Penelitian berkas perkara anak bos Apotek Gama Grup, Edy Mulyawan Martono itu dilakukan setelah Penyidik Pegawai Negeri Sipil (PPNS) Balai BPOM di Serang melimpahkan berkas perkaranya.
“Berkas perkaranya sudah kami terima pada hari Rabu lalu yang lalu (5 Februari 2025-red).
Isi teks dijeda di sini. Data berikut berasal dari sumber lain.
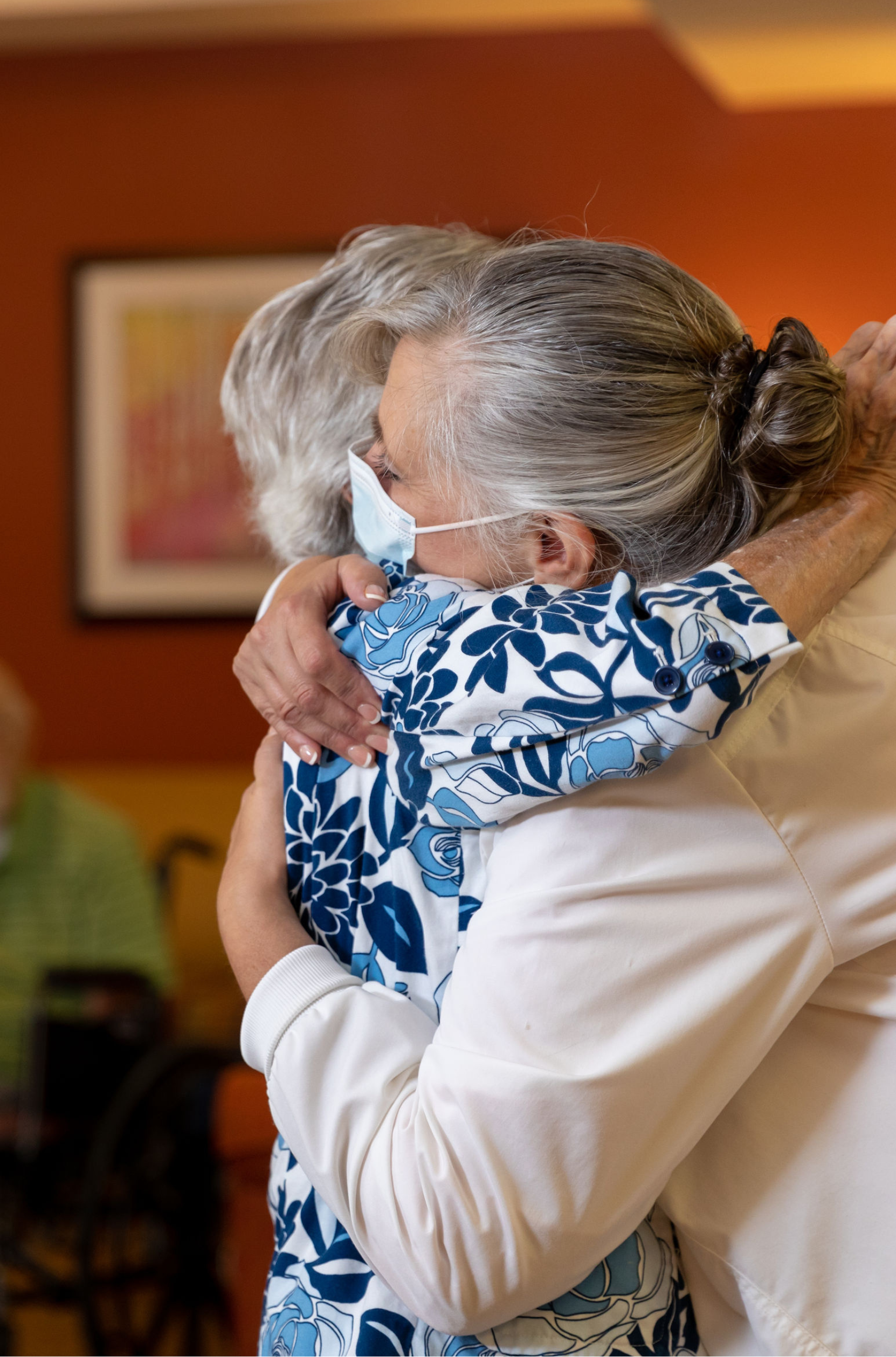 Residents embracing in a warm indoor activity space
Saat ini sedang dalam proses penelitian oleh jaksa peneliti,” kata Kasi Penkum Kejati Banten, Rangga Adekresna, Minggu kemarin, 9 Februari 2025.
Rangga mengungkapkan, jaksa peneliti mempunyai waktu 14 hari untuk meneriksa kelengkapan berkas perkara tersebut.
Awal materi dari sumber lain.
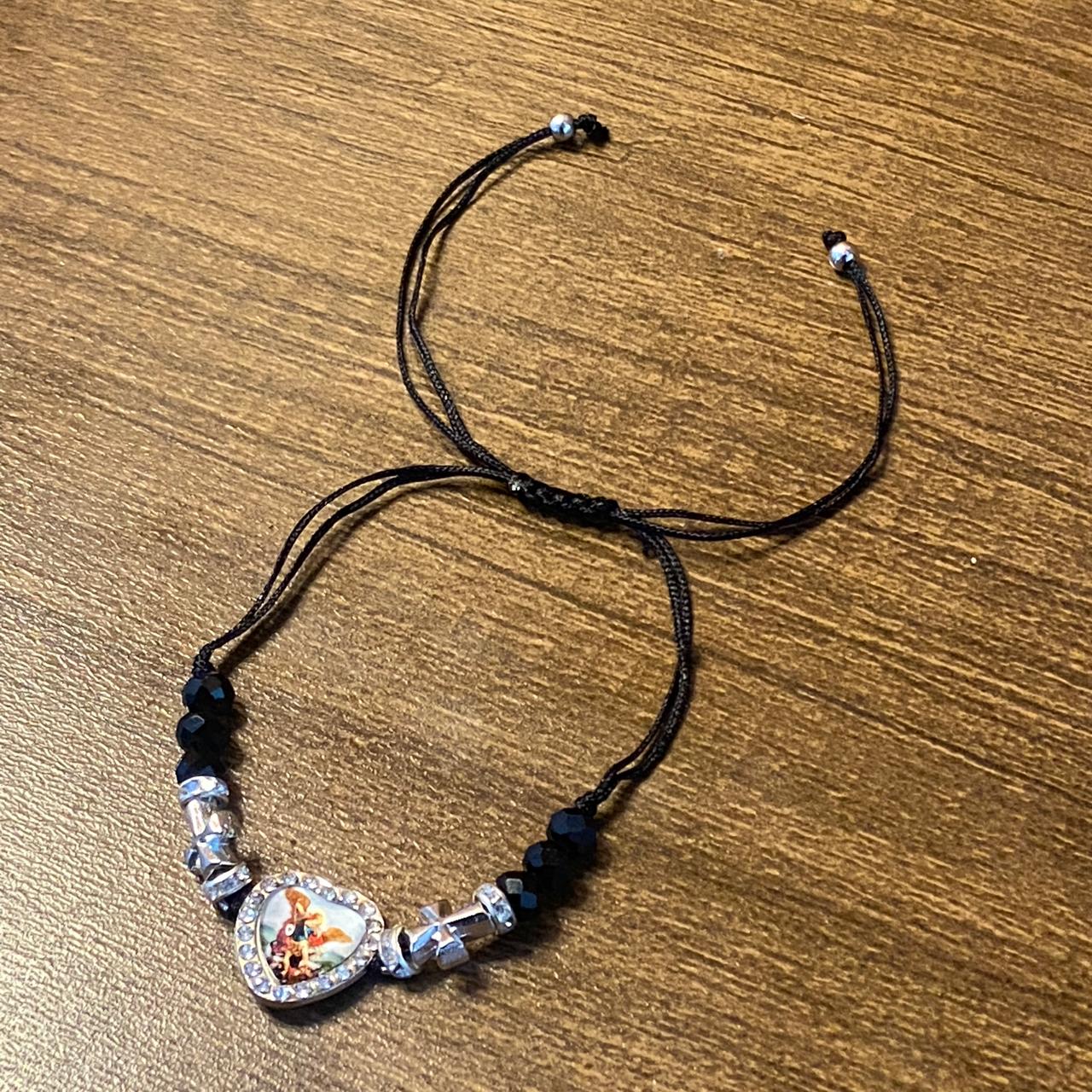 PULSEIRA REGULÁVEL CRISTAL PRETO COM MEDALHA RESINADA SÃO MIGUEL ARCANJO  ( 01 UNIDADE)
Hal itu tertuang dalam Pasal 110 ayat (4) Kitab Undang-undang Hukum Acara Pidana (KUHAP).
“Waktunya 14 hari untuk meneliti berkas perkara, nanti jaksa yang meneliti akan memberikan petunjuk apakah berkas itu sudah dinyatakan lengkap atau ada kekurangan sehingga diminta untuk dilengkapi,” katanya.
Kepala Balai BPOM di Serang, Mojaza Sirait mengatakan, pihaknya melimpahkan berkas perkara tersebut setelah melakukan pemeriksaan terhadap Lucky.
Pemilik Sarana Apotek (PSA) Gama Cilegon itu sebelumnya menjalani pemeriksaan sebagai tersangka pada Senin 3 Februari 2025. “Pemeriksaan sebagai tersangka,” katanya.
Mojaza menjelaskan, Lucky ditetapkan sebagai tersangka dalam kapasitasnya sebagai pemilik sarana apotek.
Lucky diduga menjadi orang yang bertanggungjawab atas temuan obat di Apotek Gama Kota Cilegon.
Diduga, ratusan ribu butir obat yang ditemukan di apotek tersebut merupakan obat racikan atau setelan dan berbahaya. “LMM (Lucky Mulyawan Martono-red) ini merupakan PSA-nya,” ujar pria asal Papua ini.
Mojaza mengungkapkan, dalam kasus tersebut sekitar 400 ribu butir obat telah dilakukan penyitaan.
Diduga, obat tersebut mengandung Natrium Diklofenat, Deksametasol, Salbutamol Sulfate, Teofilin, klorfeniramin maleat dan Asam Mefanemat. Obat tersebut biasanya digunakan untuk pengobatan sakit gigi, demam dan sesak nafas.
“Obat ini digunakan buat sakit gigi,” ujarnya.
Mojaza mengungkapkan, obat setelan atau racikan tersebut merupakan obat yang berbahaya. Sebab, obat itu tidak diketahui kandungannya, identitas obat, nomor bets, tanggal kadaluarsa, indikasi dan dosis aturan pakai.
Selain itu, keamanan dan khasiat obat tidak terjamin. “Obat ini berbahaya bagi masyarakat,” tuturnya.